I did an attempt at this, the biggest pain with implementing this is that the database expects a number as backup code. The code generating itself is simple.

pub fn generate_2fa_backup_code<R: rand::RngCore>(rng: &mut R) -> String {
    use rand::distributions::{Distribution, Uniform};
    let valid_backup_code_chars: Vec<char> =
        "ABCDEFGHIJKLMNOPQRSTUVWXYZ123456789".chars().collect();
    let char_dist = Uniform::from(0..valid_backup_code_chars.len());

    let mut code: Vec<char> = (0..8)
        .map(|_| valid_backup_code_chars[char_dist.sample(rng)])
        .collect();

    code.insert(4, '-');
    code.iter().collect()
}

I also believe that while we are on it, we should just remove 0 as well, since it could be mistaken as O on certain fonts.

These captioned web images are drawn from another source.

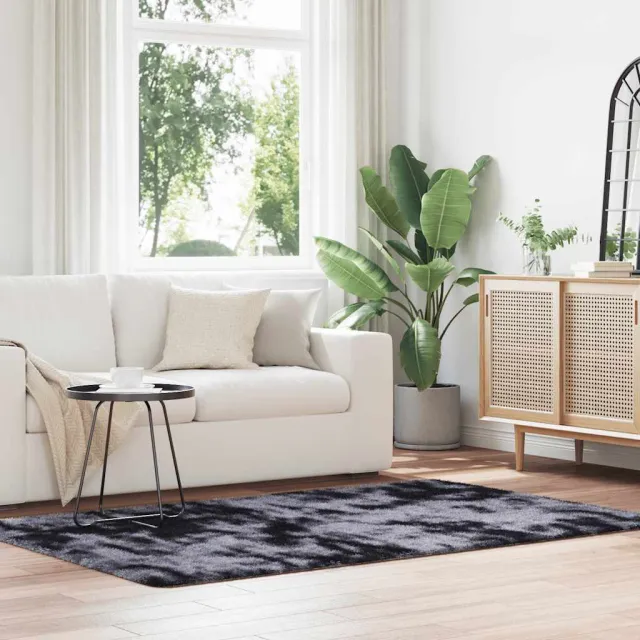 vidaXL Hoogpolig vloerkleed NAVARRA 130x200 cm polyester donkergrijs grijs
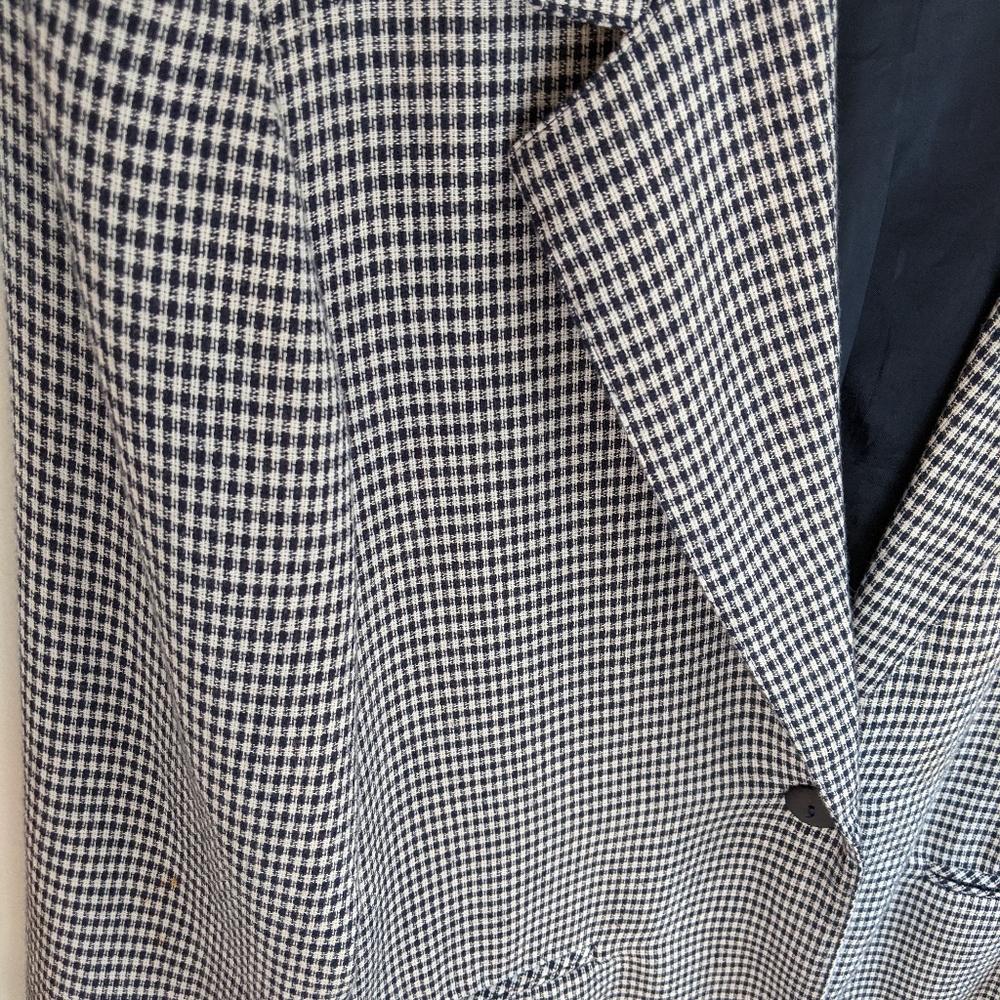 Vintage 80s/90s Navy/White Plaid Oversized Blazer - Picture 6 of 12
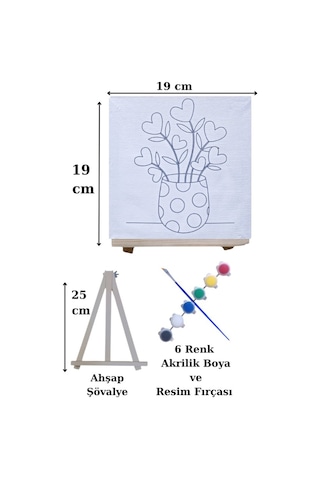 Saksıda Çiçek Tuval Boyama Aktivite Seti 19x19 Cm Tuval, Şövale, Fırça Ve 6 Renk Akrilik Boya Seti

piprett avatar Aug 12 '24 19:08 piprett

For such short codes I think removing letters would be detrimental to security, otherwise we could've used Microsoft's product key alphabet, which also avoids the possibility of getting a code like B0OB-1CEF. We probably should use monospace font that differentiates between these characters when showing the backup codes. And 8 codes should be enough to help avoiding getting stuck in case of mistyping (0 and O, Z and 7, I and 1, B and 8, etc).

brawaru avatar Aug 12 '24 21:08 brawaru

Name Alphabet Characters Maximum time to guess assuming no downtime[^1]
A-Z 0-9 ABCDEFGHIJKLMNOPQRSTUVWXYZ0123456789 37 2784 years
A-Z 1-9 ABCDEFGHIJKLMNOPQRSTUVWXYZ123456789 36 2236 years
A-Z 0-9 without 0, 7, 1, 8 ABCDEFGHIJKLMNOPQRSTUVWXYZ234569 33 1114 years
Microsoft BCDFGHJKMPQRTVWXY2346789 25 120 years

[^1]: Assuming a rate limit of 300 attempts per minute, with 8 codes per person. Years = X ^ 8 / 8 / 300 / 60 / 24 / 365.